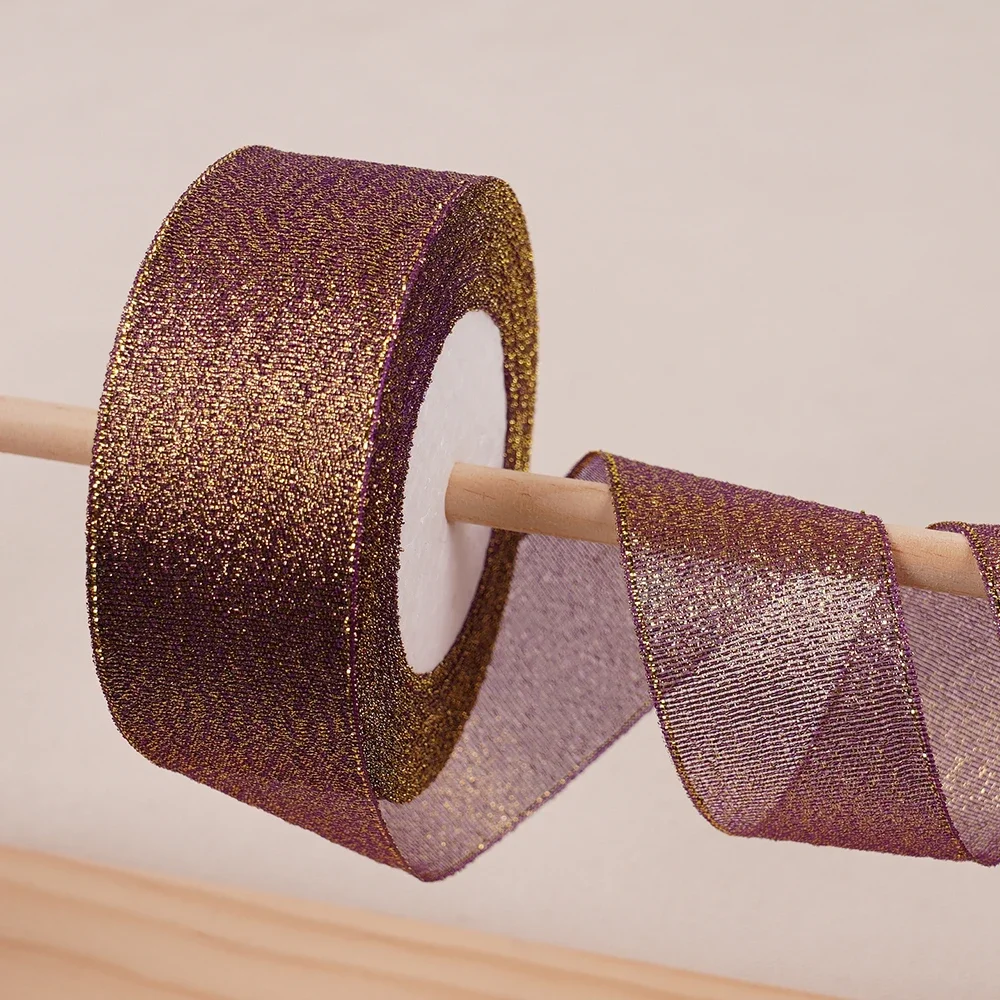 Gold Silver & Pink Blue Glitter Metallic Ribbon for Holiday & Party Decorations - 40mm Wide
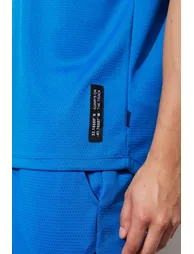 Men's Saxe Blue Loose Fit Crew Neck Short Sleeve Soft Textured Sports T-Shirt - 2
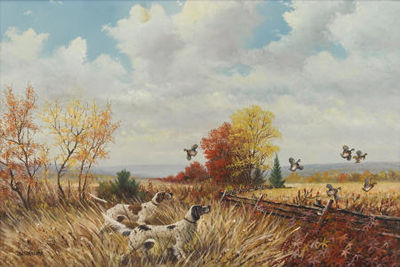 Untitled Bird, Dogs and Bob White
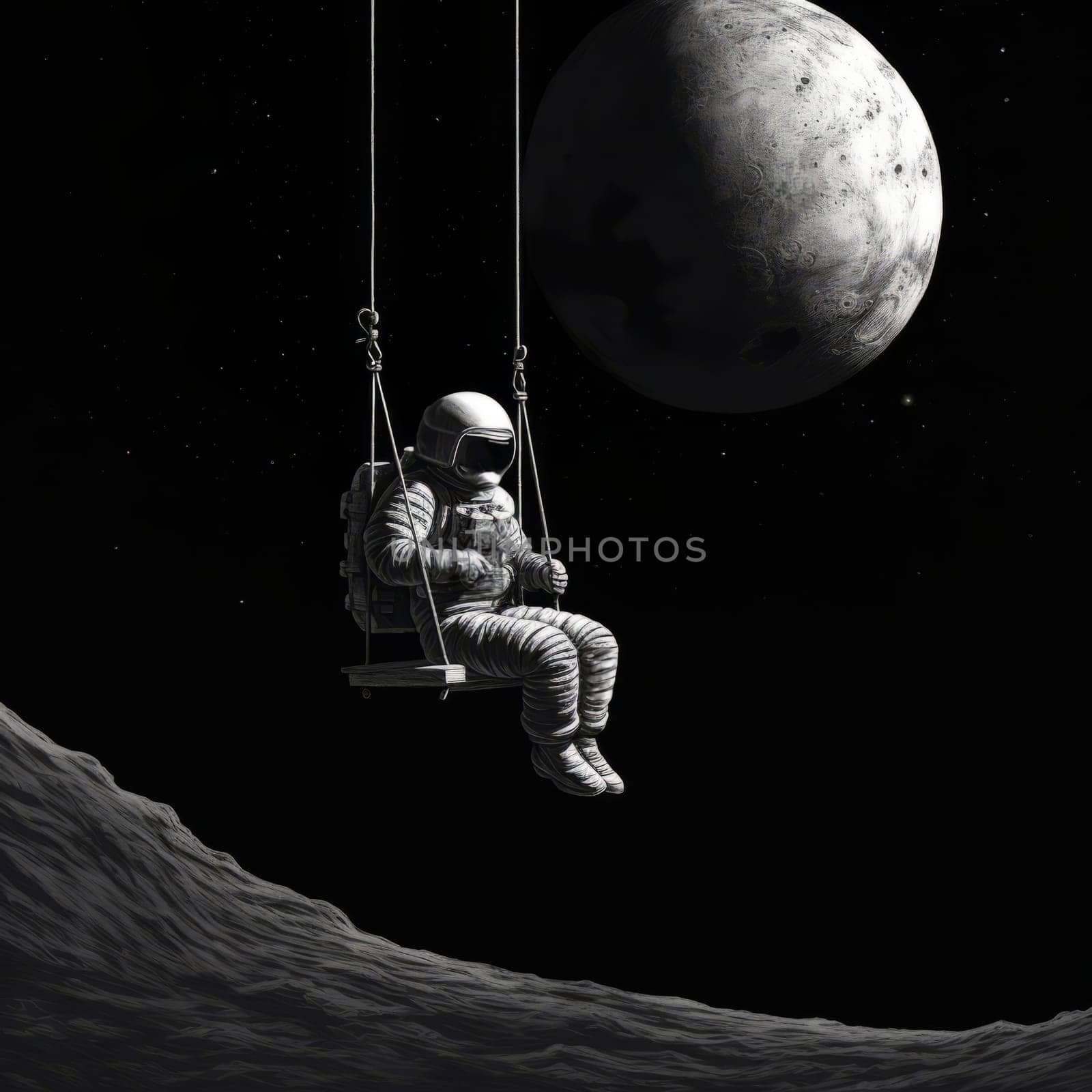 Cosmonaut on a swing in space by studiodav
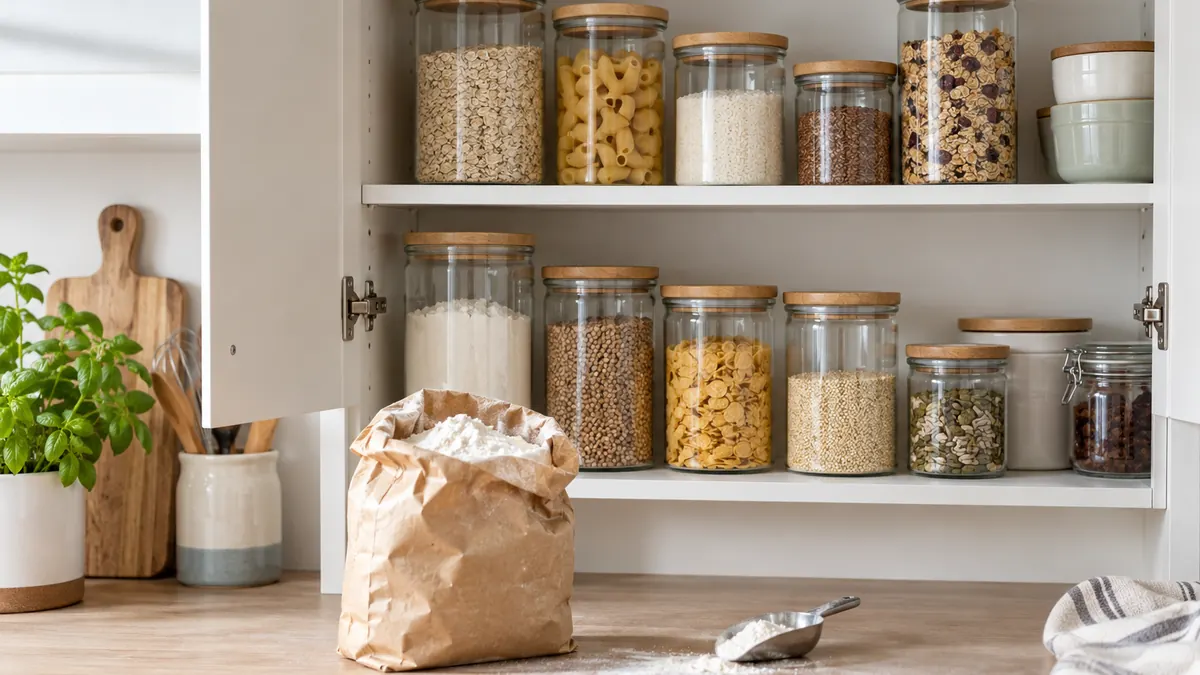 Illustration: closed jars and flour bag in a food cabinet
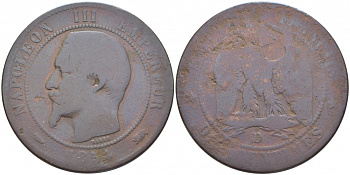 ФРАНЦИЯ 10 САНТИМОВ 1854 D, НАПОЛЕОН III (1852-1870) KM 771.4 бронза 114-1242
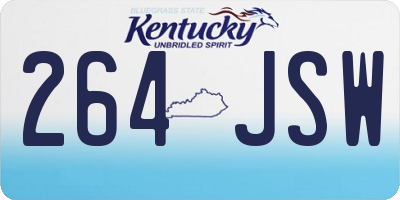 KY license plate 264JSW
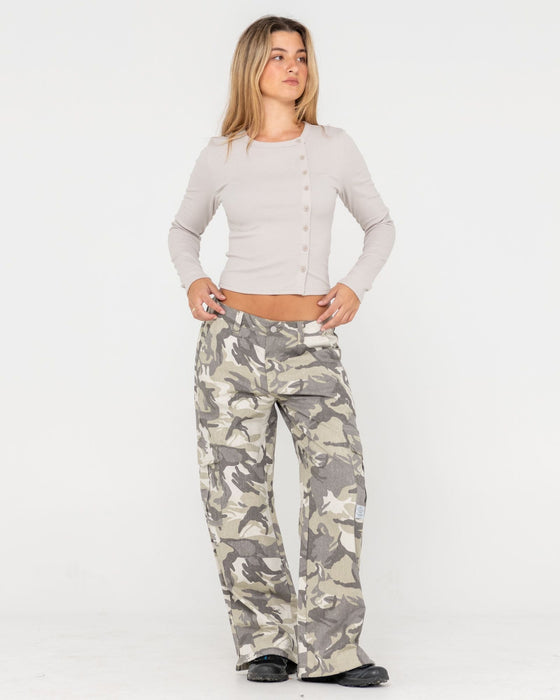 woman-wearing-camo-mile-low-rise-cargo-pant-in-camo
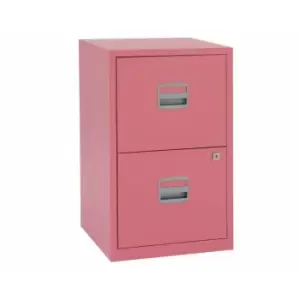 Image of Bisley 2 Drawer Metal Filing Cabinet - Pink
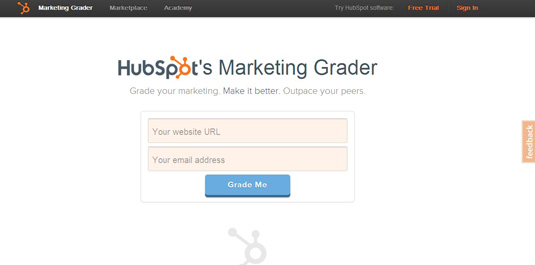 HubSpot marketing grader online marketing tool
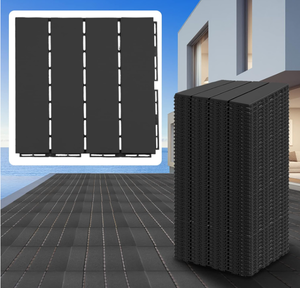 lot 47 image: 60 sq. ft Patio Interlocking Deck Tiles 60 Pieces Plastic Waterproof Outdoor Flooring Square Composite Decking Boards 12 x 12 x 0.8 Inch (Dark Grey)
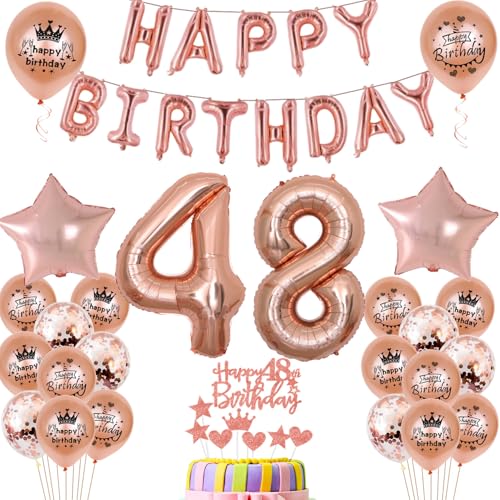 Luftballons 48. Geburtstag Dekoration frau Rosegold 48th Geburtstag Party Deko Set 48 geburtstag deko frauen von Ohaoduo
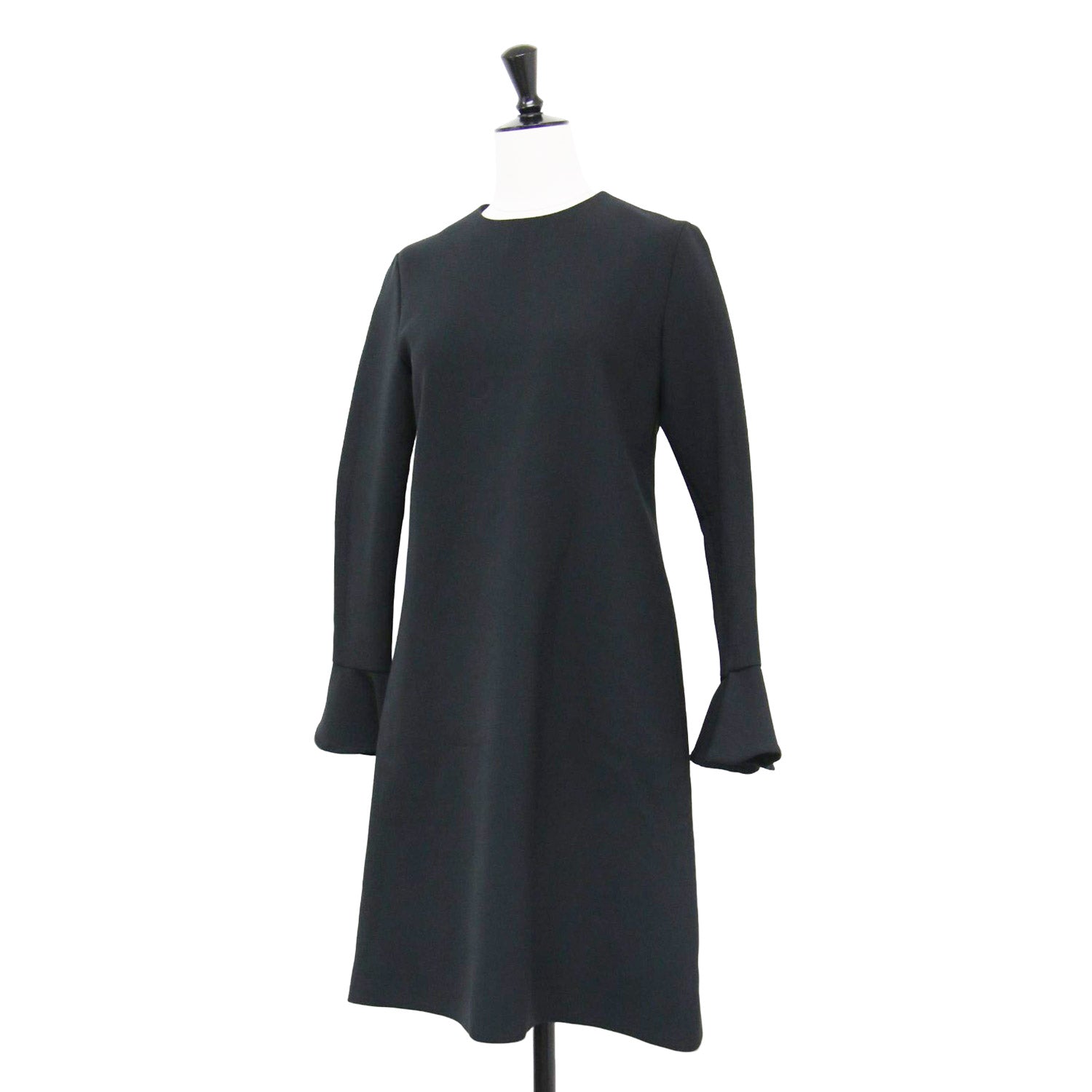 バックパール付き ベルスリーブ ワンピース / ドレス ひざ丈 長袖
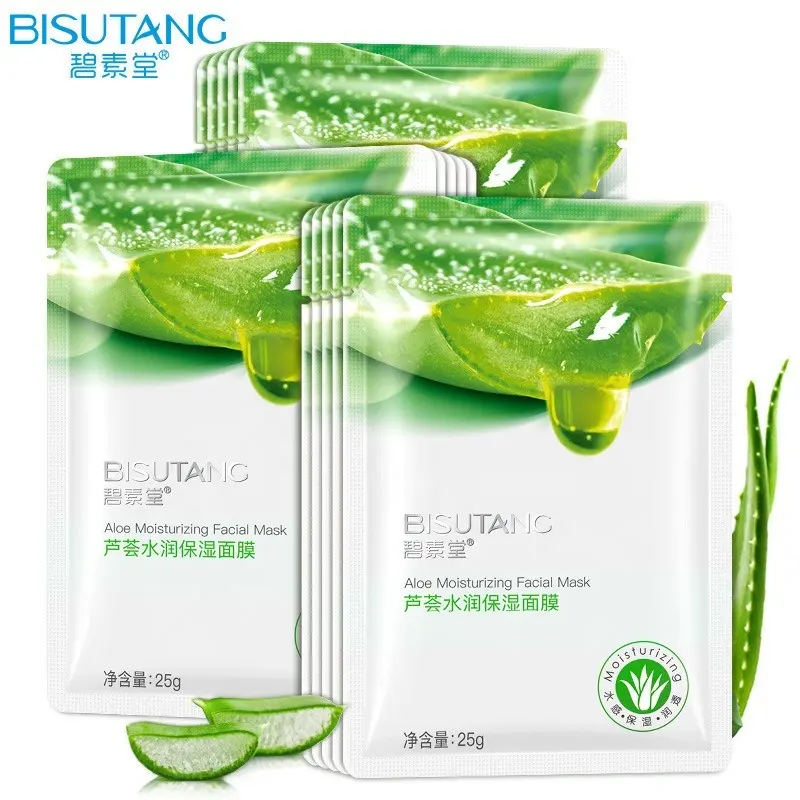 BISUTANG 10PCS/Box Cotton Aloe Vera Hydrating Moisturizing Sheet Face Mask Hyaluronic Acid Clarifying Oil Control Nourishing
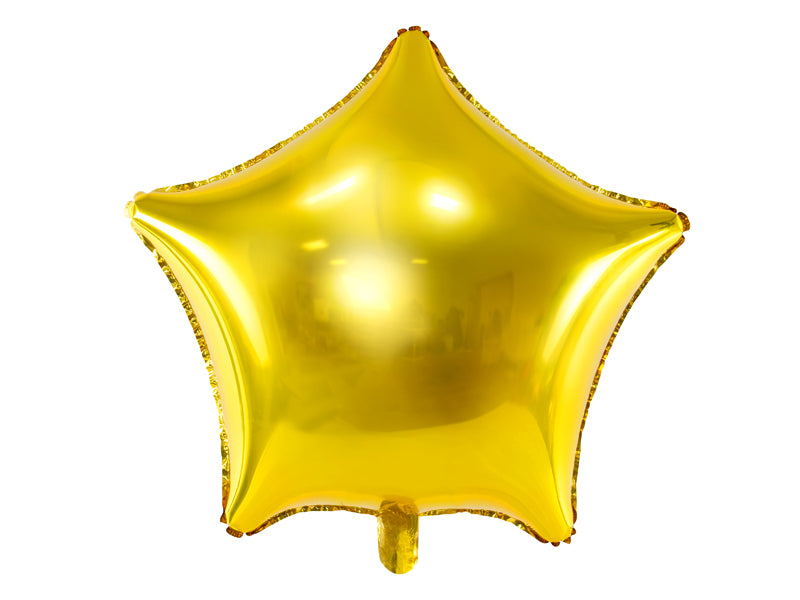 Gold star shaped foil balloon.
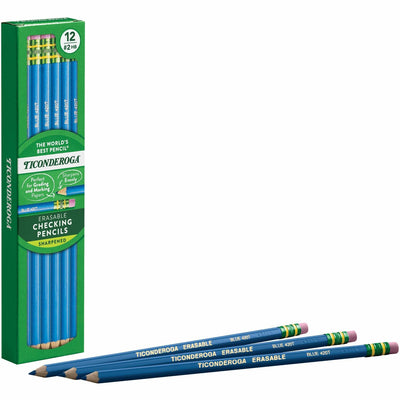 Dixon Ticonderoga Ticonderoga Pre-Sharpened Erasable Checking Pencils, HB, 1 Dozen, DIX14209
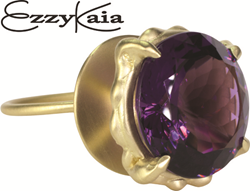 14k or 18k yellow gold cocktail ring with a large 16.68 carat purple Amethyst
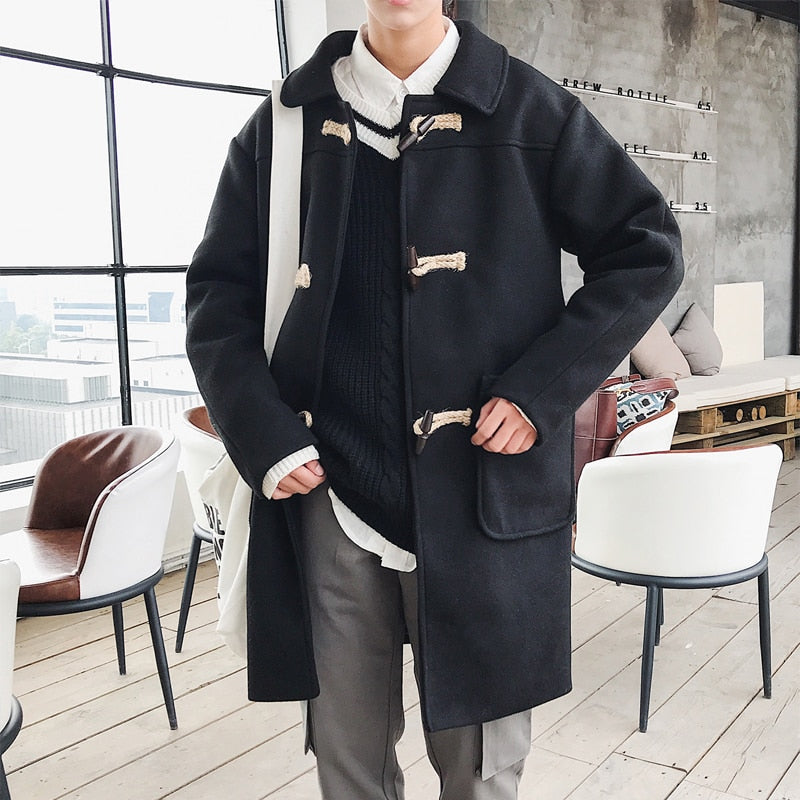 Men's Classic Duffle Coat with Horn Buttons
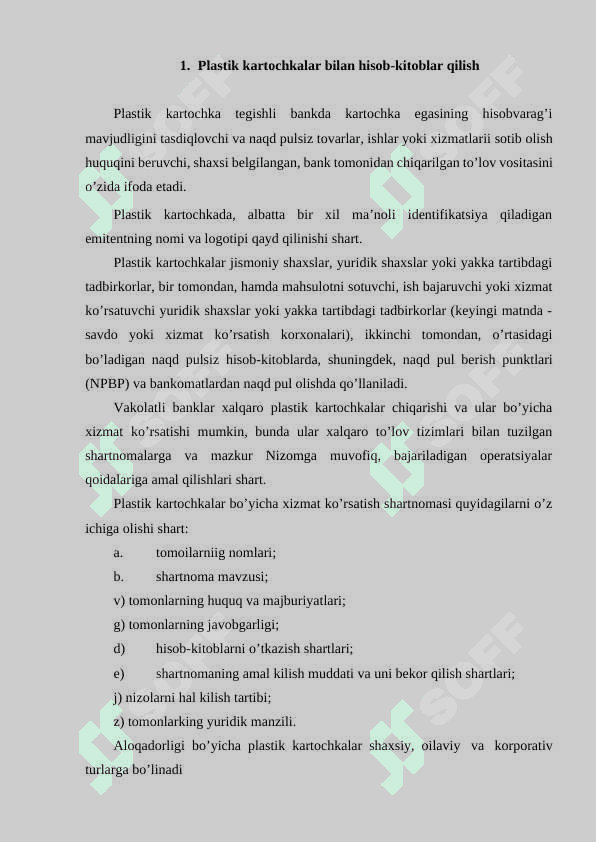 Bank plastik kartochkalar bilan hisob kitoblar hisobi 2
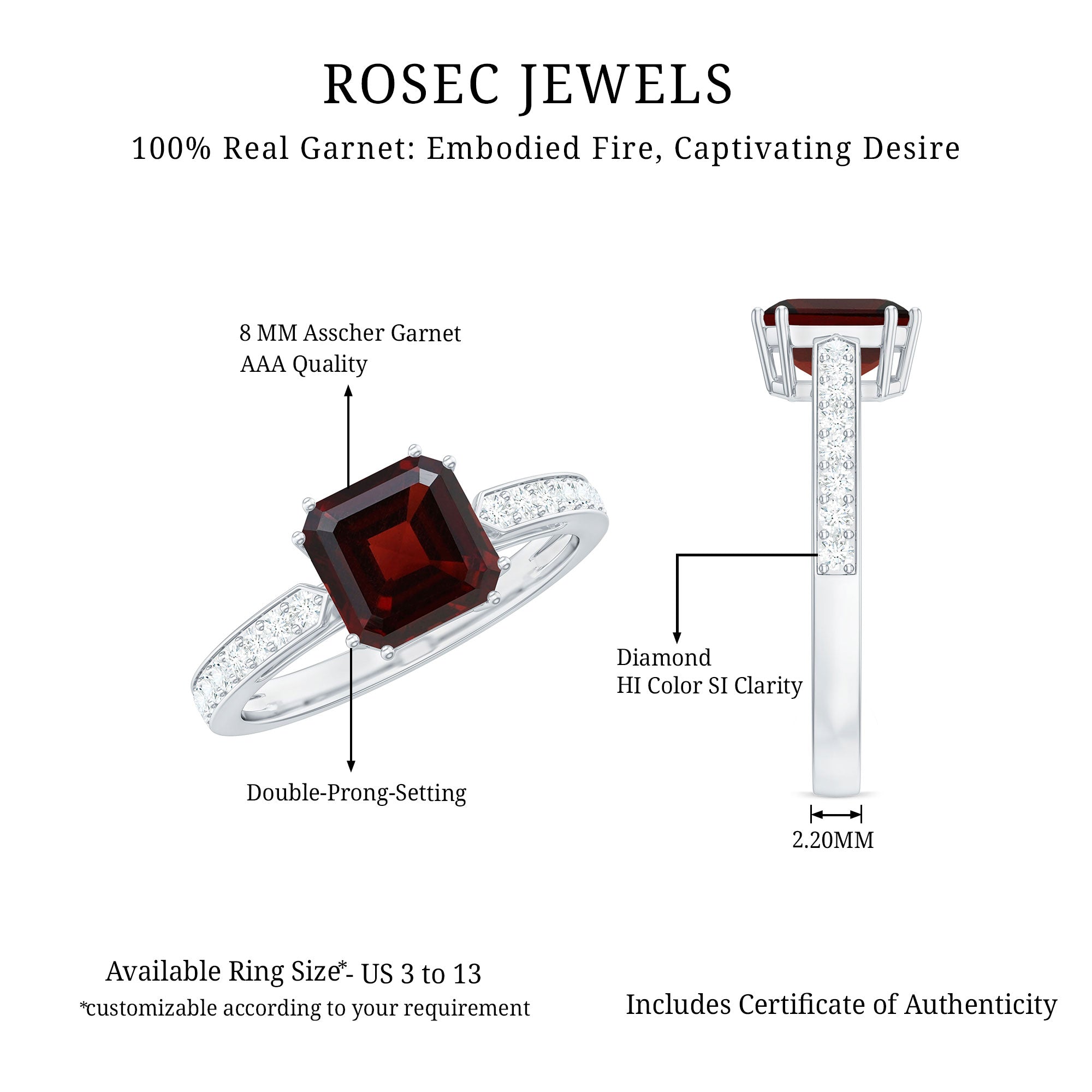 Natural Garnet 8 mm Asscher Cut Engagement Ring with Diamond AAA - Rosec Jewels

※ ※ ※

### EXERCISE AIM
The answer must reproduce every line of the records above exactly, with all pictures left out.

### YOUR RESPONSE
 Gold Silver & Pink Blue Glitter Metallic Ribbon for Holiday & Party Decorations - 40mm Wide
 Men's Saxe Blue Loose Fit Crew Neck Short Sleeve Soft Textured Sports T-Shirt - 2
 Untitled Bird, Dogs and Bob White
 Cosmonaut on a swing in space by studiodav
 Illustration: closed jars and flour bag in a food cabinet
 ФРАНЦИЯ 10 САНТИМОВ 1854 D, НАПОЛЕОН III (1852-1870) KM 771.4 бронза 114-1242
 KY license plate 264JSW
 woman-wearing-camo-mile-low-rise-cargo-pant-in-camo
 Image of Bisley 2 Drawer Metal Filing Cabinet - Pink
 HubSpot marketing grader online marketing tool
 lot 47 image: 60 sq. ft Patio Interlocking Deck Tiles 60 Pieces Plastic Waterproof Outdoor Flooring Square Composite Decking Boards 12 x 12 x 0.8 Inch (Dark Grey)
 Luftballons 48. Geburtstag Dekoration frau Rosegold 48th Geburtstag Party Deko Set 48 geburtstag deko frauen von Ohaoduo
 バックパール付き ベルスリーブ ワンピース / ドレス ひざ丈 長袖
 BISUTANG 10PCS/Box Cotton Aloe Vera Hydrating Moisturizing Sheet Face Mask Hyaluronic Acid Clarifying Oil Control Nourishing
 Gold star shaped foil balloon.
 Dixon Ticonderoga Ticonderoga Pre-Sharpened Erasable Checking Pencils, HB, 1 Dozen, DIX14209
 14k or 18k yellow gold cocktail ring with a large 16.68 carat purple Amethyst
 Men's Classic Duffle Coat with Horn Buttons
 Bank plastik kartochkalar bilan hisob kitoblar hisobi 2
 Natural Garnet 8 mm Asscher Cut Engagement Ring with Diamond AAA - Rosec Jewels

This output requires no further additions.